The northern Manitoba tribal council that represents 11 northern First Nations has filed a notice of application against TCIG claiming, among other things, that it acted "in a manner that is oppressive or unfairly prejudicial" to KTC.
West Region Investment Ltd. and Dakota Ojibway Investments Ltd. have filed similar actions. They represent three of the seven tribal council shareholders of TCIG.
According to McKay's affidavit, she received a registered letter from KPMG in September 2007, followed by a telephone call from TCIG's chief executive officer, Allan McLeod, asking her not to open the envelope and return it to TCIG unopened. She was a director of TCIG at the time.
McKay's affidavit said she was told all other TCIG directors returned the KPMG registered envelope.
But she did not return it and, according to the affidavit, only opened it in 2011.
The envelope contained two letters, whose contents are disclosed in the court filing.
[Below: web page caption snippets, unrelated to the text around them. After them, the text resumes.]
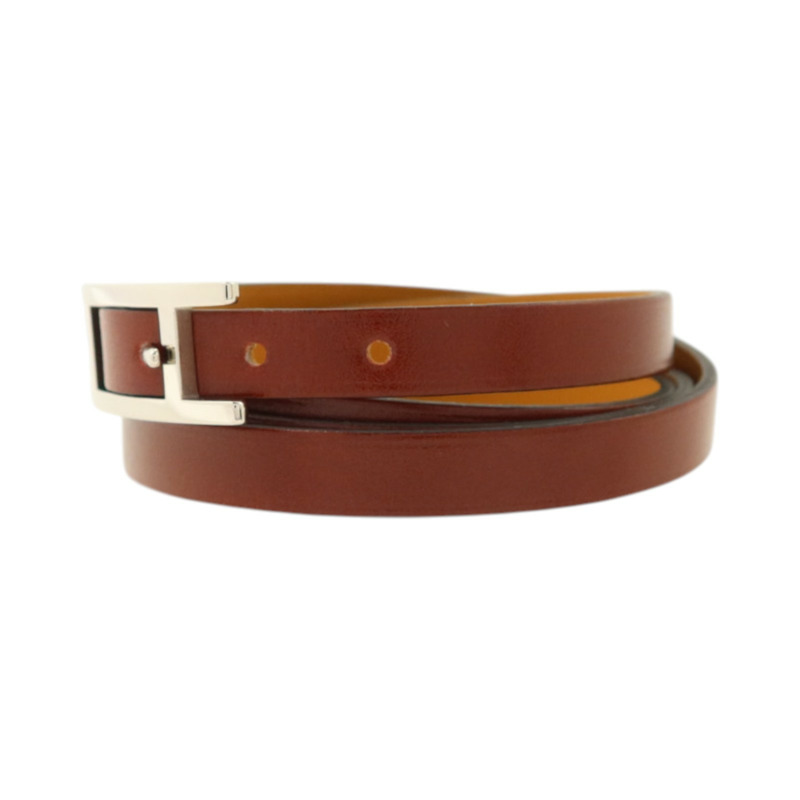 HERMES Box皮革Hapi 3 Bracelet銀扣手鏈Rouge H-1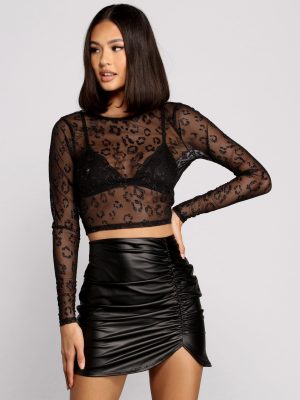 Get Spotted Glitter Mesh Crop Top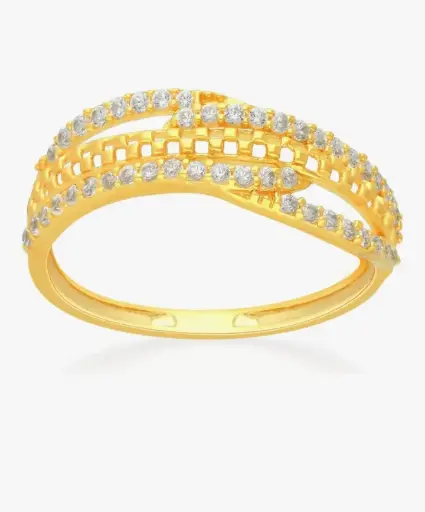 MALABAR GOLD & DIAMONDS | Celestial Glow 22K Gold Diamond Ring 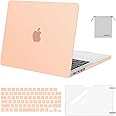 MOSISO Compatible with MacBook Pro 14 inch Case 2025 2024 2023 2022 2021 M4 M3 M2 M1 A3112 A3185 A3401 A2918 A2992 A2779 A2442, Plastic Hard Shell&Keyboard Cover&Screen Film&Pouch, Peach Fuzz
One said KPMG wanted to discuss with the board of TCIG payments to "directors, officers and employees of TCIG, aggregating $3,540,000 during the year ended December 31, 2006."
The other said since KPMG was not allowed to meet with the board "to discuss matters that arose from our audits that, in our judgment are important and relevant to the boards of the corporations" it had "lost confidence in management and hereby tender our (KPMG's) resignation as auditors of the corporation."
The three tribal councils are seeking assistance from the court to get TCIG to disclose corporate bylaws, shareholder agreements, financial statements and other internal documents.
All three legal actions have been filed separately but are to be heard jointly.
TCIG was formed in the early 1990s with investments from the seven Manitoba tribal councils, each of which elected a member to TCIG's board of directors.
The company achieved significant growth and success due to savvy acquisitions and investments and paid handsome dividends for many years.
But profits declined, the dividends got smaller and for the past several years, according to the court filings, TCIG management has received several entreaties from its shareholders for more transparent reporting.
The company says it has met all its disclosure obligations to its shareholders.